If we define $f(n)=l(A/\mathfrak{m}^n)$ where $l$ denotes the length of a module, then for large $n$, $f(n)$ equals a polynomial of degree $d=\dim A$ in $n$. Replacing $A$ by its associated graded ring with $I=\mathfrak m$ does not change $f(n)$, and so does not change $d$.

Now consider general $I$. Then $\mathfrak{m}\supseteq I\supseteq \mathfrak{m}^r$ for some positive integer $r$. Therefore $g(n)=l(A/I^n)$ satisfies $f(n)\le g(n)\le f(rn)$. Again, $g(n)$ is a polynomial for large $n$, and these inequalities imply that it has the same degree $d$ as $f(n)$.

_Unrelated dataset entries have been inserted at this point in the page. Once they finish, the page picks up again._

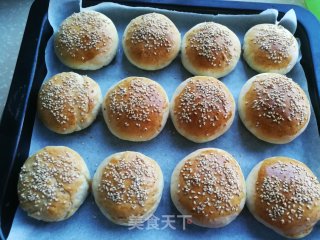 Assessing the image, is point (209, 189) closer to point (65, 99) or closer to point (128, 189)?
point (128, 189)

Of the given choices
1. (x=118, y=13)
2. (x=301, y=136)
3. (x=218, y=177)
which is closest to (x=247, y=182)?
(x=218, y=177)

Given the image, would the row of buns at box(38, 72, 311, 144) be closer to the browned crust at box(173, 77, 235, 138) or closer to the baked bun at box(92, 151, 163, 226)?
the browned crust at box(173, 77, 235, 138)

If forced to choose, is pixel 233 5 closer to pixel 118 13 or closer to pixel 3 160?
pixel 118 13

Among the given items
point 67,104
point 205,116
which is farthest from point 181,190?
point 67,104

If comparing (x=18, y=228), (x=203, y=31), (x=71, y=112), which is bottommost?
(x=18, y=228)

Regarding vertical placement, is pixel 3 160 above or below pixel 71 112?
below

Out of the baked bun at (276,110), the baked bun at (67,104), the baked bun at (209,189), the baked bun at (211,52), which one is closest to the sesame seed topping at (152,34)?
the baked bun at (211,52) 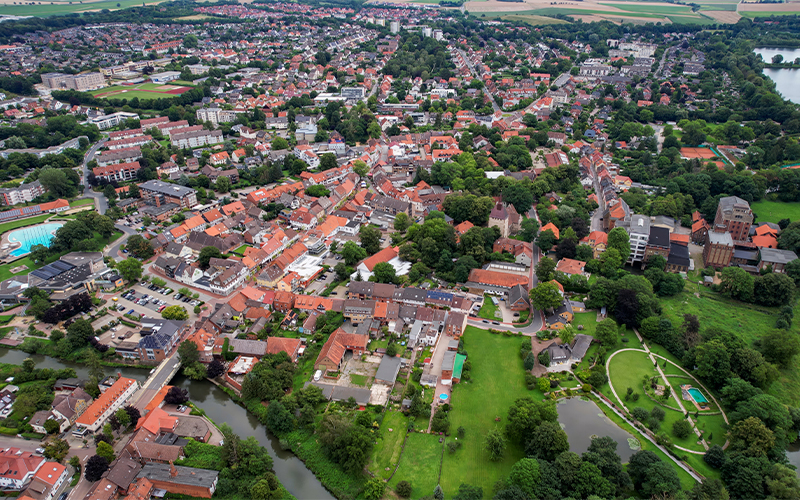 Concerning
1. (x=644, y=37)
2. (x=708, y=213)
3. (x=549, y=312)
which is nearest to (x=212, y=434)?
(x=549, y=312)

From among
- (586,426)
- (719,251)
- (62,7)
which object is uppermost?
(62,7)

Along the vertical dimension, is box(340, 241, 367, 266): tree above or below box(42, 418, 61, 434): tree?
above

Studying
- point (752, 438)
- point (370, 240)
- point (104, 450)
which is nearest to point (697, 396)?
point (752, 438)

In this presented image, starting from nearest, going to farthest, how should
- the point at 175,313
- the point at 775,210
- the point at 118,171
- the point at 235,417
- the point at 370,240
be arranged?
the point at 235,417 → the point at 175,313 → the point at 370,240 → the point at 775,210 → the point at 118,171

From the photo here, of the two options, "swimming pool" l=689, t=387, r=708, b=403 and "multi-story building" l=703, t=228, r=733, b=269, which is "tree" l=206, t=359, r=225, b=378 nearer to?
"swimming pool" l=689, t=387, r=708, b=403

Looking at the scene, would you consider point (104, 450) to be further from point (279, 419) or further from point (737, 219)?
point (737, 219)

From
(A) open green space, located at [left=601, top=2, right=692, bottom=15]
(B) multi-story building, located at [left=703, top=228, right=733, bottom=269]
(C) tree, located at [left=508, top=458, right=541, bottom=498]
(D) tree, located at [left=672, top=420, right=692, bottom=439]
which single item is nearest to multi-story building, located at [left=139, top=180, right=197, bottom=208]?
(C) tree, located at [left=508, top=458, right=541, bottom=498] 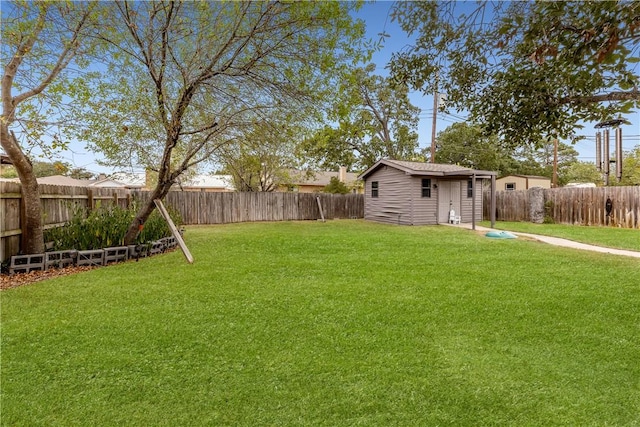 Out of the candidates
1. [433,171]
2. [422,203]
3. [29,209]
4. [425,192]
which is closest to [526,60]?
[29,209]

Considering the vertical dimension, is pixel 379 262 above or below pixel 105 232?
below

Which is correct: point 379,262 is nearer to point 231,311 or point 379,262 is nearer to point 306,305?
point 306,305

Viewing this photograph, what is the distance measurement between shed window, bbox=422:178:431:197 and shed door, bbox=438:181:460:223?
51 cm

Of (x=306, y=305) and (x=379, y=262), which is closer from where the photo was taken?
(x=306, y=305)

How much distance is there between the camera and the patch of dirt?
5.10 metres

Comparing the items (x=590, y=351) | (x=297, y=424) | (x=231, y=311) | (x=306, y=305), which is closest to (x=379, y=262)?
(x=306, y=305)

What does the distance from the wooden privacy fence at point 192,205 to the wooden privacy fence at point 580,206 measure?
7.26 m

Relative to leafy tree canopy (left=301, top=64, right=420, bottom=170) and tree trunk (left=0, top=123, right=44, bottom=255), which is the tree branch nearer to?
tree trunk (left=0, top=123, right=44, bottom=255)

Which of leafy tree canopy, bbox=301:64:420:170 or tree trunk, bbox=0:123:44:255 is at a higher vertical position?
leafy tree canopy, bbox=301:64:420:170

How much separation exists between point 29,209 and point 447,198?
14.5 metres

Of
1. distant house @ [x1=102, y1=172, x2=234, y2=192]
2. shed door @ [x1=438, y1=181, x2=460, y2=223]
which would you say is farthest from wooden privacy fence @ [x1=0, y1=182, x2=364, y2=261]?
shed door @ [x1=438, y1=181, x2=460, y2=223]

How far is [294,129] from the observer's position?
7168 mm

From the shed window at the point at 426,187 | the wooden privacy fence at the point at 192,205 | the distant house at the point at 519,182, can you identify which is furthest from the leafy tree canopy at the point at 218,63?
the distant house at the point at 519,182

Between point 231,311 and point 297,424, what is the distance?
6.76 feet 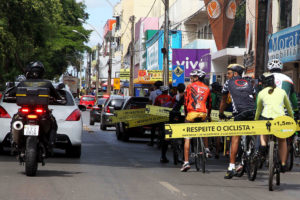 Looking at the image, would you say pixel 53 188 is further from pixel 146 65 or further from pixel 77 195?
pixel 146 65

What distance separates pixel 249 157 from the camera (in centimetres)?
1097

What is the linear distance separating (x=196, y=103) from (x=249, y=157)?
1905 millimetres

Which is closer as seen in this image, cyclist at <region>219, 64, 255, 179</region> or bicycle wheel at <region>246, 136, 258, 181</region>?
bicycle wheel at <region>246, 136, 258, 181</region>

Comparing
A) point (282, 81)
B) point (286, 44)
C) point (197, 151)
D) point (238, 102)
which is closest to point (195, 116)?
point (197, 151)

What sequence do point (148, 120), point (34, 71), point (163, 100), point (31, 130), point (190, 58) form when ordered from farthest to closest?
point (190, 58)
point (148, 120)
point (163, 100)
point (34, 71)
point (31, 130)

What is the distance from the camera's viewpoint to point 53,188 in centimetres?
935

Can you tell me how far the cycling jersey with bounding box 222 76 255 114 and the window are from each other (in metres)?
16.2

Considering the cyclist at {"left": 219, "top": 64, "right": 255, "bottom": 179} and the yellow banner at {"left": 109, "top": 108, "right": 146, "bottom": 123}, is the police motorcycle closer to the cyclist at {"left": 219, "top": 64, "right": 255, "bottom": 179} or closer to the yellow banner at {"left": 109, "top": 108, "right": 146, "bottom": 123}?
the cyclist at {"left": 219, "top": 64, "right": 255, "bottom": 179}

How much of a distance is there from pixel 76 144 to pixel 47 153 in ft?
10.4

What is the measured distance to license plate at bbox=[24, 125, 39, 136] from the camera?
10.3m

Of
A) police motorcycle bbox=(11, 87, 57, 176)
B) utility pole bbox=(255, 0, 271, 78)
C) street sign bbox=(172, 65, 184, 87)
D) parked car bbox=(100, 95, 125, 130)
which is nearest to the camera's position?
police motorcycle bbox=(11, 87, 57, 176)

If we consider the graded ring $R=\bigoplus(I^n/I^{n+1})$, this is also a Noetherian local ring with maximal ideal $\mathfrak{m}' =\mathfrak{m}/I\oplus (I/I^2)\oplus (I^2/I^3)\oplus\cdots$ and having $I'=0\oplus (I/I^2)\oplus (I^2/I^3)\oplus\cdots$ as a primary ideal. Then $l(R/I'^n) =g(n)$ also and $R$ also has dimension $d$.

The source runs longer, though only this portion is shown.